In the copy, keep every line below as it is and leave out the pictures.

(Captioned web images)

__________________________________________________

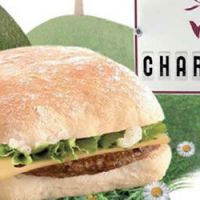 Mc Donald’s lance le premier hamburger « 100% bœuf charolais »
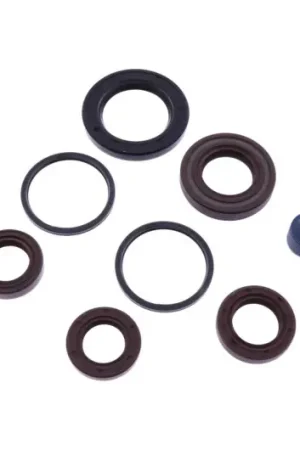 Envío Inmediato Kit reténes de motor completo Athena | Aprilia / Piaggio / Derbi / Gilera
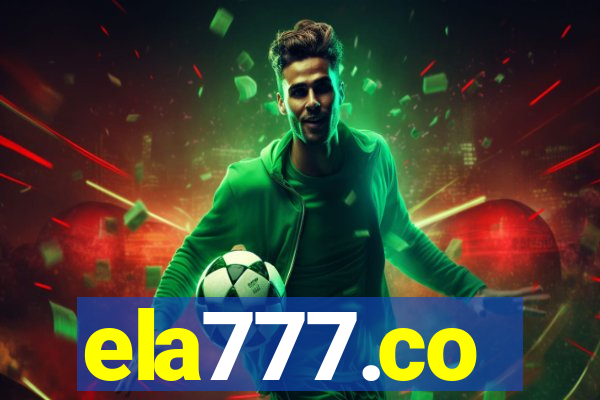 ela777.co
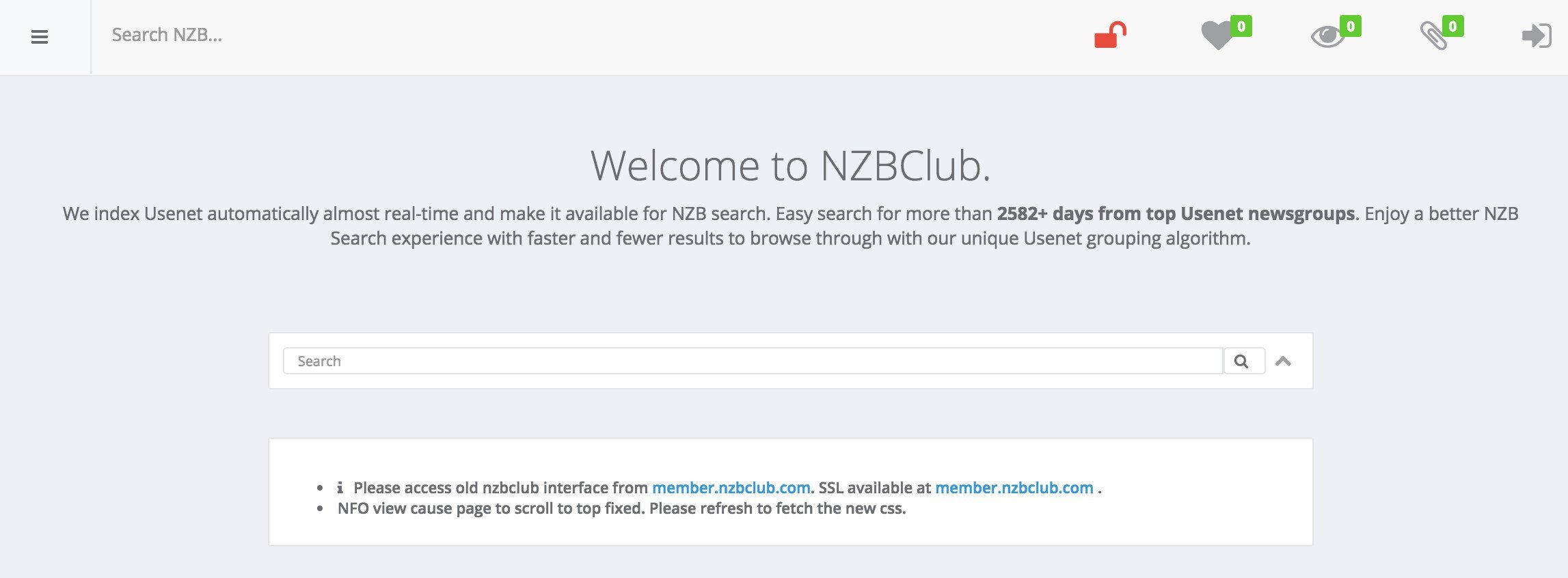 nzb search download
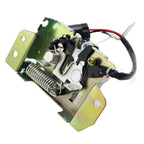 Mitsubishi Outlander Sport PHEV Hood Lock Latch Assembly 2010-2022 5908A106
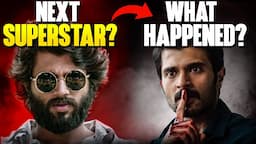 The Curious Case of Vijay Devarakonda - What happened to Vijay? | Family star, Liger | Thyview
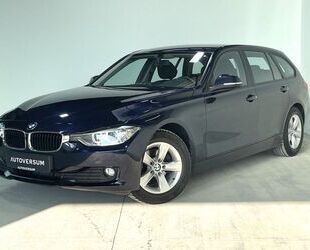 BMW BMW 318d BiXEN*KLIMA*SHZ*PDC*GARANTIE* Gebrauchtwagen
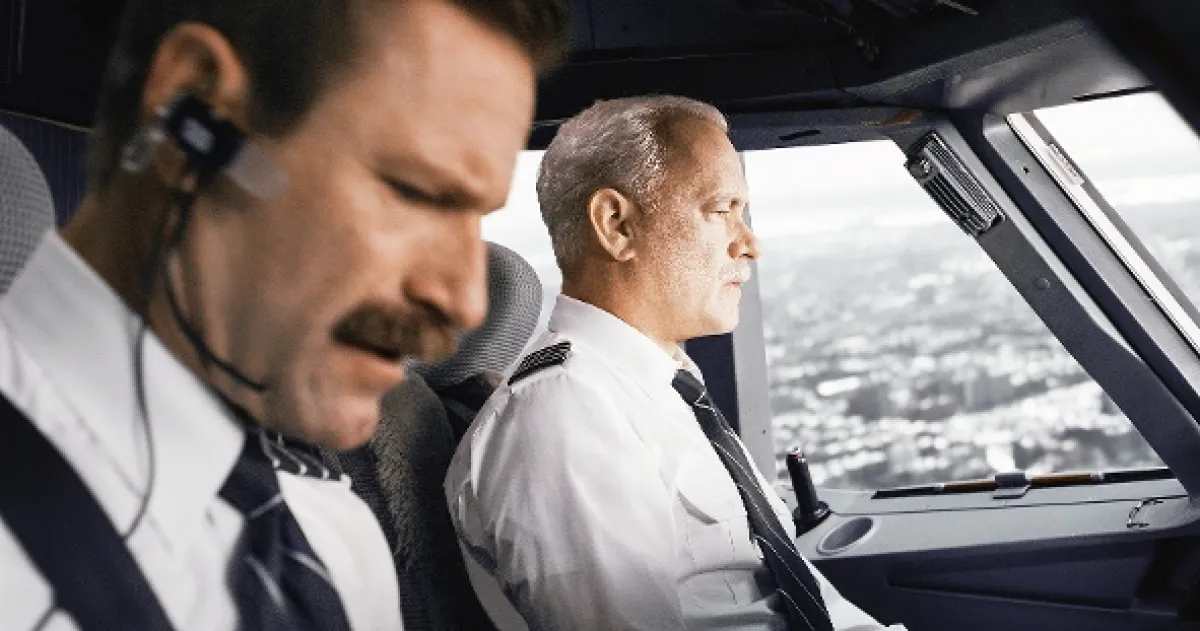 Sully: Zázrak na řece Hudson (Sully), 2016 - fotogaléria
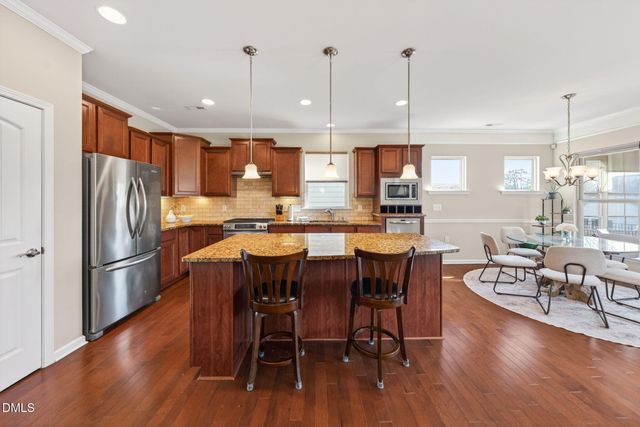 1114 Belvins Trace Drive, Durham, NC 27703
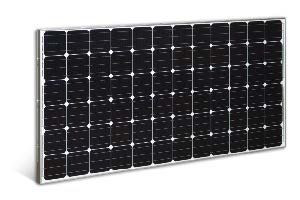 Suniva OPT325-72-4-100 Silver Mono Pallet (22) of Solar Panels Solar Panel 1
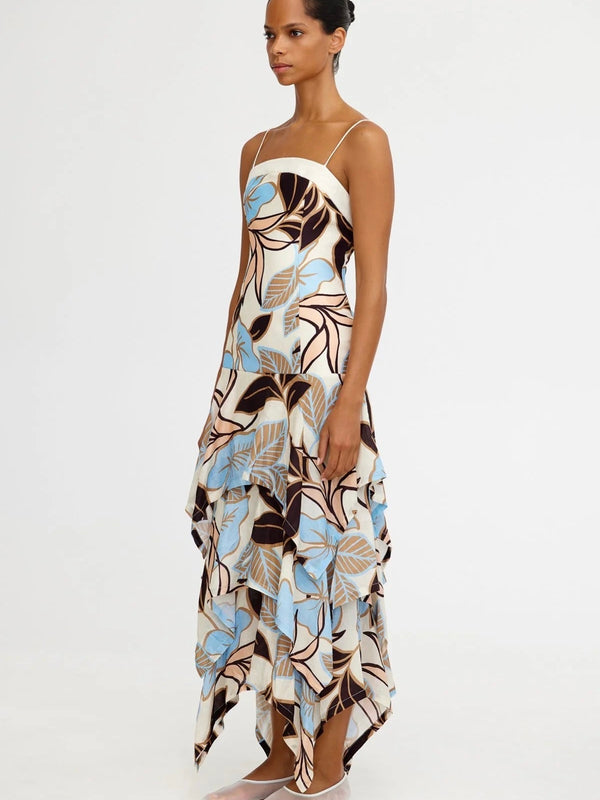 Halli Maxi Dress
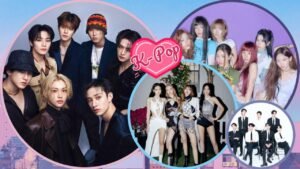 K-Pop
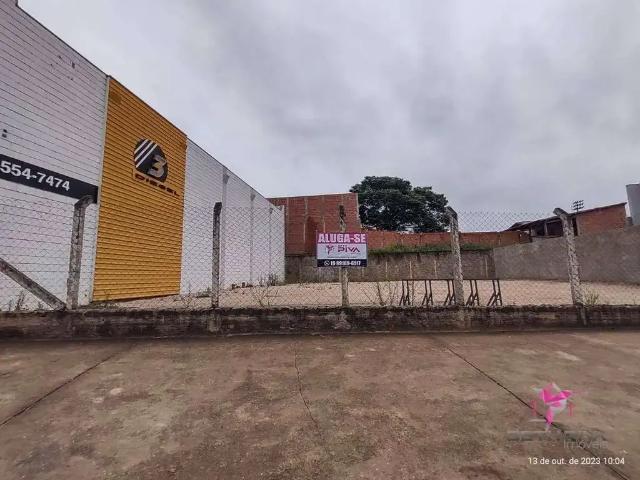 Terreno aluguel em Região Imediata de Araras, Região Metropolitana de Piracicaba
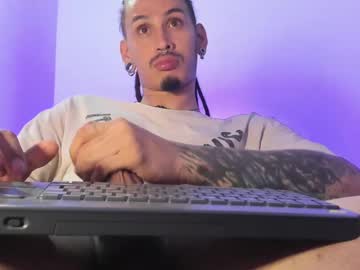 Mateo60_ Chaturbate stream image from January 07, 2025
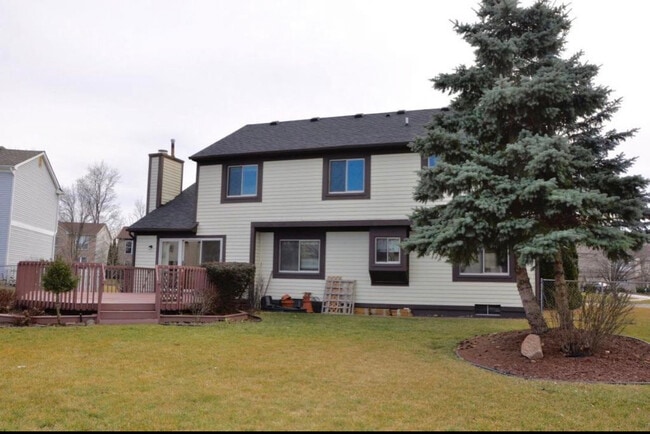 Photo - 4141 Rolling Meadow Ln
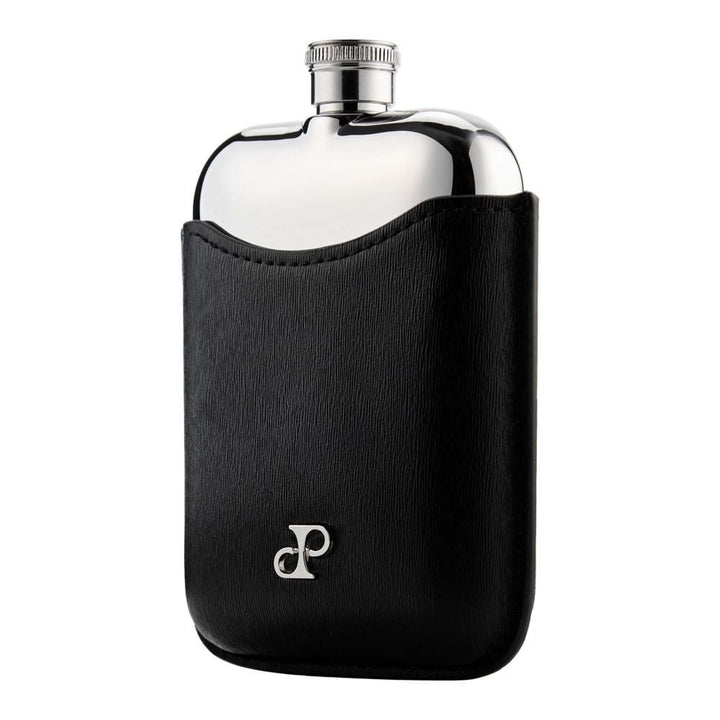 WOLF Philipp Hip Flask - ONLINE EXCLUSIVE
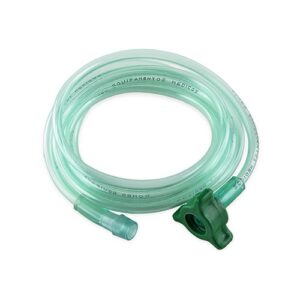 EXTENSAO P/ AMBU / REANIMADOR OXIGENIO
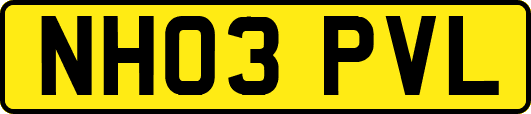NH03PVL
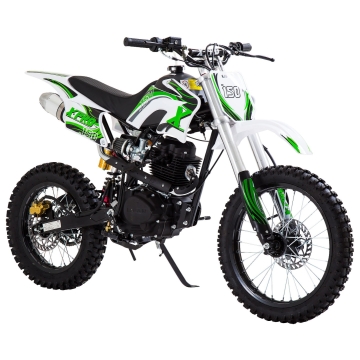 Dirtbike  fra X-PRO, FX150 1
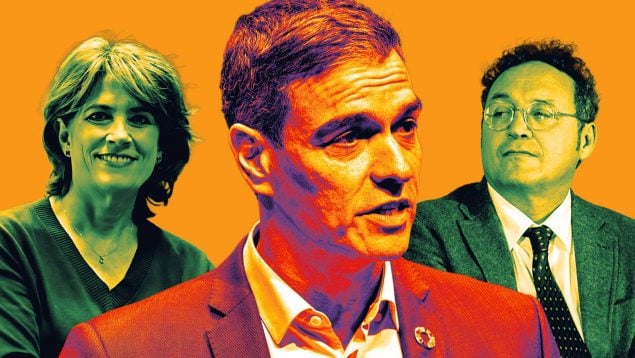 Delgado y García Ortiz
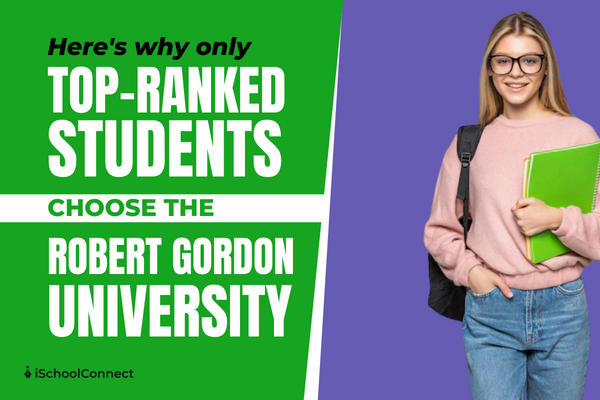 Robert Gordon University | Programs, campus, more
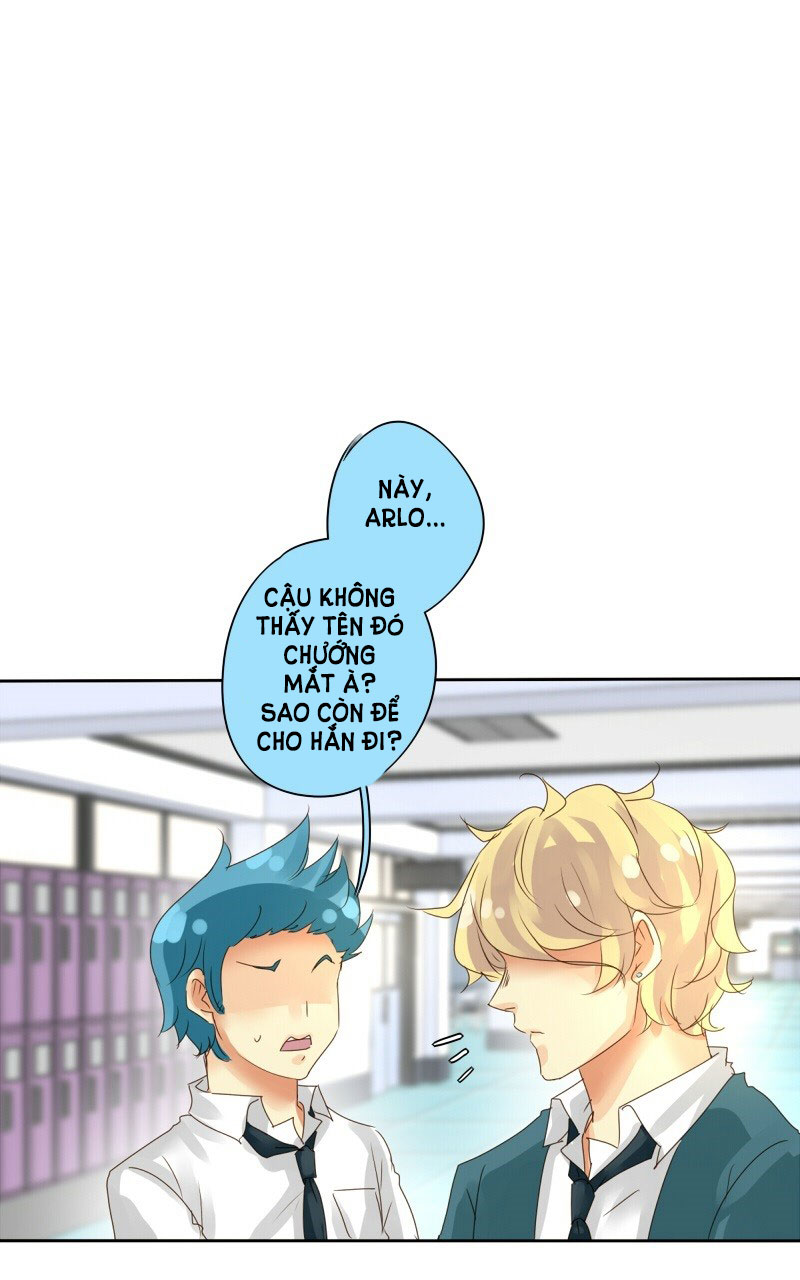 Unordinary - Chương 19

__________________________________________________

• _YOUR SOLUTION_:
 Mc Donald’s lance le premier hamburger « 100% bœuf charolais »
 Envío Inmediato Kit reténes de motor completo Athena | Aprilia / Piaggio / Derbi / Gilera
 ela777.co
 nzb search download
 Mitsubishi Outlander Sport PHEV Hood Lock Latch Assembly 2010-2022 5908A106
 The Curious Case of Vijay Devarakonda - What happened to Vijay? | Family star, Liger | Thyview
 BMW BMW 318d BiXEN*KLIMA*SHZ*PDC*GARANTIE* Gebrauchtwagen
 Sully: Zázrak na řece Hudson (Sully), 2016 - fotogaléria
 1114 Belvins Trace Drive, Durham, NC 27703
 Suniva OPT325-72-4-100 Silver Mono Pallet (22) of Solar Panels Solar Panel 1
 Halli Maxi Dress
 K-Pop
 Terreno aluguel em Região Imediata de Araras, Região Metropolitana de Piracicaba
 Mateo60_ Chaturbate stream image from January 07, 2025
 Photo - 4141 Rolling Meadow Ln
 WOLF Philipp Hip Flask - ONLINE EXCLUSIVE
 EXTENSAO P/ AMBU / REANIMADOR OXIGENIO
NH03PVL
 Dirtbike  fra X-PRO, FX150 1
 Delgado y García Ortiz
 Robert Gordon University | Programs, campus, more
 Unordinary - Chương 19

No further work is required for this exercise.